Nie lubię tylko jak ktoś z dziennych twierdzi jakie to on ma trudne studia. Wtedy śmiem twierdzić, że tak mu trudno bo kiepski z niego student.
napisał/a: ~gość 2010-12-15 12:54
I Ty masz niby zostać przyszłą Panią Pedagog?? pfi
jesteś bardzo nie miłą osobą! Zadufaną w sobie i swoich Studiach...Żałosna jesteś...
daffodil napisal(a):Perelkaaa napisał/a:
ale jak ludzie ida na studia zaoczne to niech nie narzekaja ze im tak ciezko bo musza pracowac i ledwo daja rade
a ktoś narzeka? znów uogólniasz. wszyscy narzekają?

Ja studiuje zaocznie i się tego nie wstydzę...Nie narzekam, daję radę i pracować i studiować...a do tego mam stypendium naukowe...Wiec to zależy wszystko od studenta...Zaliczenia są różne nie zawsze jest łatwo i słodko... i nie wierzę Ci że u Ciebie wszyscy wykładowcy tak was gnębią i jest tak zajebiście trudno...U jednych jest łatwiej u innych trudniej to zależy od człowieka( wykładowcy)...

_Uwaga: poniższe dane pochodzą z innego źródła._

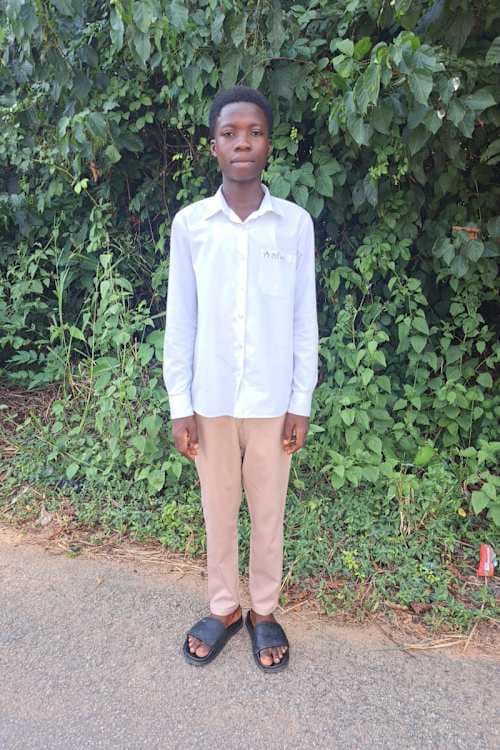 An unsponsored boy named Enoch from Ghana who lives in an AIDS-affected area and has waited 245 days for a sponsor.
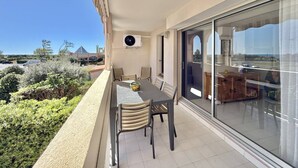 A balcony with a table and chairs, a large window, and a view of the surrounding landscape. - CAP D'AGDE - Plage Richelieu / Réf 307 (CAP D'AGDE)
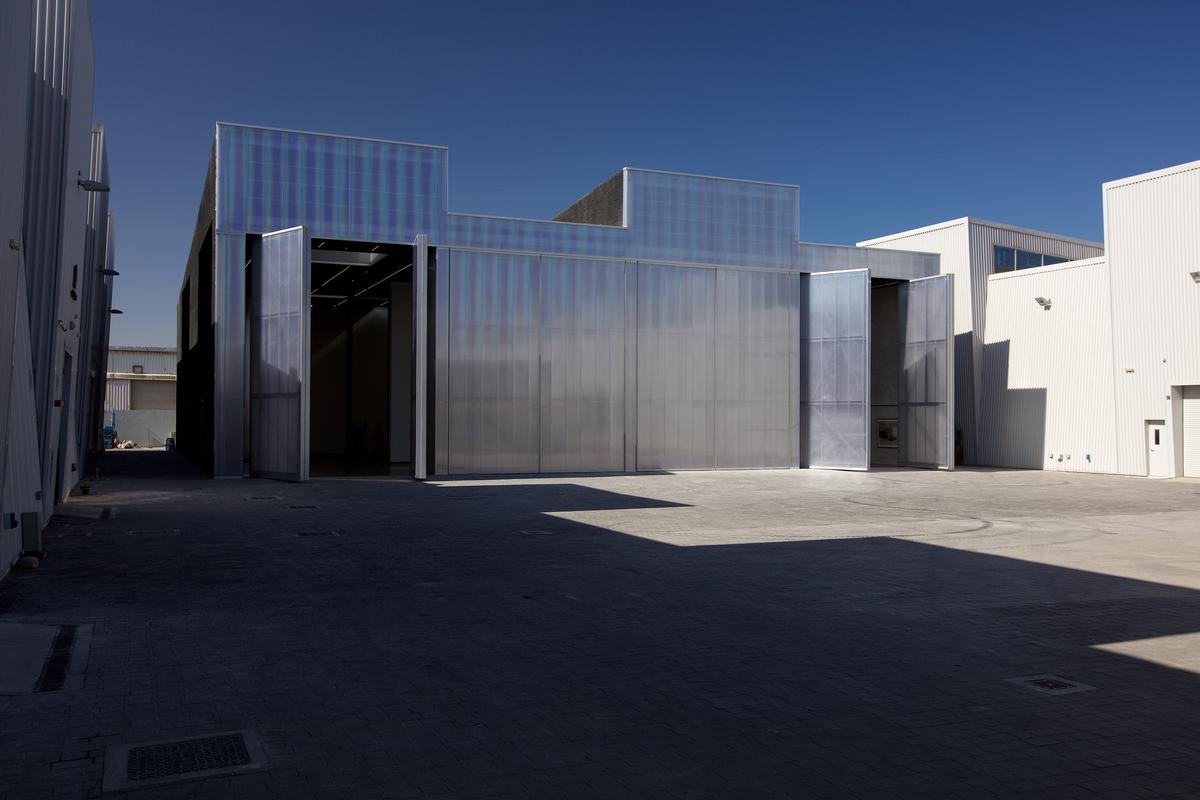 A translucent façade with full-height doors 'seamlessly connects' Concrete’s interior with the complex’s large central courtyard / Mohamed Somji, courtesy Alserkal Avenue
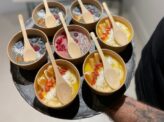 Customized smoothie bowls at Taste Corner’s live station during an event in South Florida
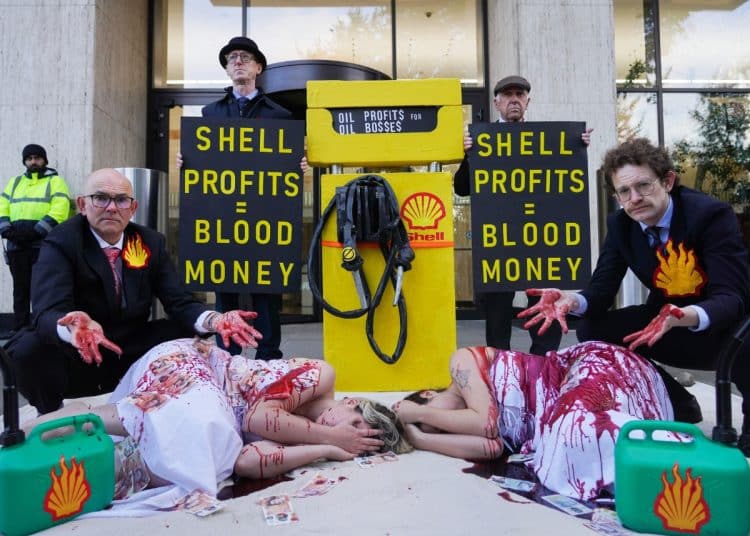 Two people lie on the ground covered in fake blood. Suited men with fake blood on their hands are behind them. On either side of a fake petrol pump, signs read Shell Profits = Blood Money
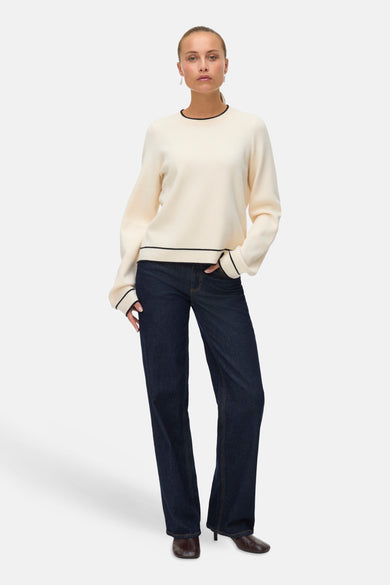 Ecru trui met ronde hals van VERO MODA, afgewerkt met zwarte details, gecombineerd met donkere jeans en bruine schoenen.
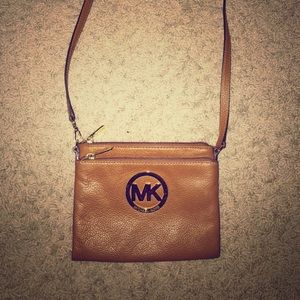Michael Cors tan and gold cross body
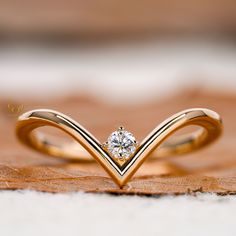 a diamond ring sitting on top of a piece of wood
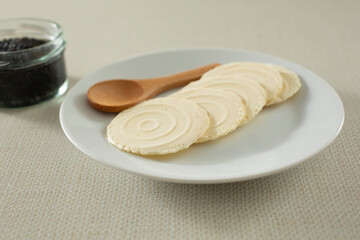 A view of a plate of gluten-free water crackers.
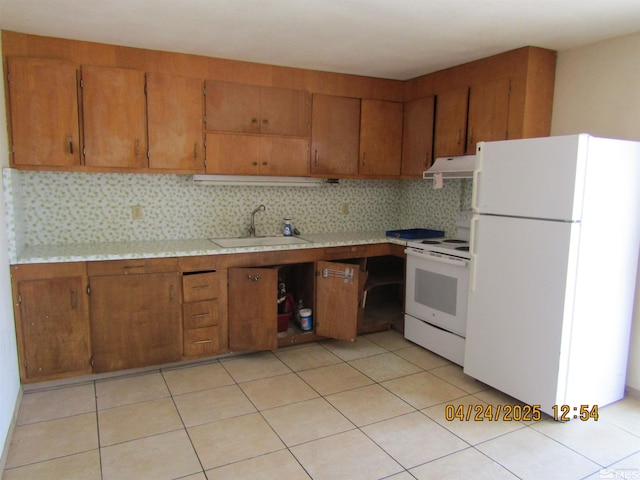 kitchen featuring light countertops, a sink, brown cabinets, and white appliances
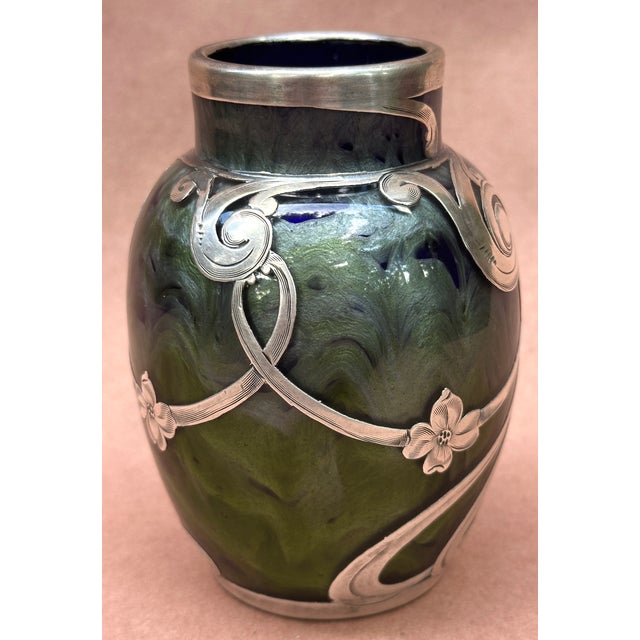 Here we have a super Loetz Titania ( visit Loetz.com for examples ) vase , a flowing green with Lunt Sterling overlay ,...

Moim zdaniem pokazałaś typowe zachowanie prostackie a niby taka wykształcona...Swoich uczniów też tak będziesz traktowała ogólnikowo?? Chcę Ci tylko powiedzieć że każdą osobę traktuje się indywidualnie... Każda osoba jest inna... Sukcesów w pracy Ci nie wróże..haha
Obraziłaś wszystkich zaoczniaków...mam nadzieję że masz z tego jakąś satysfakcję?? lepiej się z tym czujesz???
Pozdrawiam ,,Panią Pedagog"
napisał/a: KokosowaNutka 2010-12-15 13:06
I znowu moge poleciec slynnym KAZDY JEST INNY i dodac KAZDA UCZELNIA JEST INNA, KAZDY WYKLADOWCA JEST INNY..
Mozemy tez do rozwazan dorzucic uczelnie prywatne, panstwowe i wszystkich studentow z jednych i drugich wrzucic do jednego wora i dalej sie wzajemnie meczyc i dreczyc.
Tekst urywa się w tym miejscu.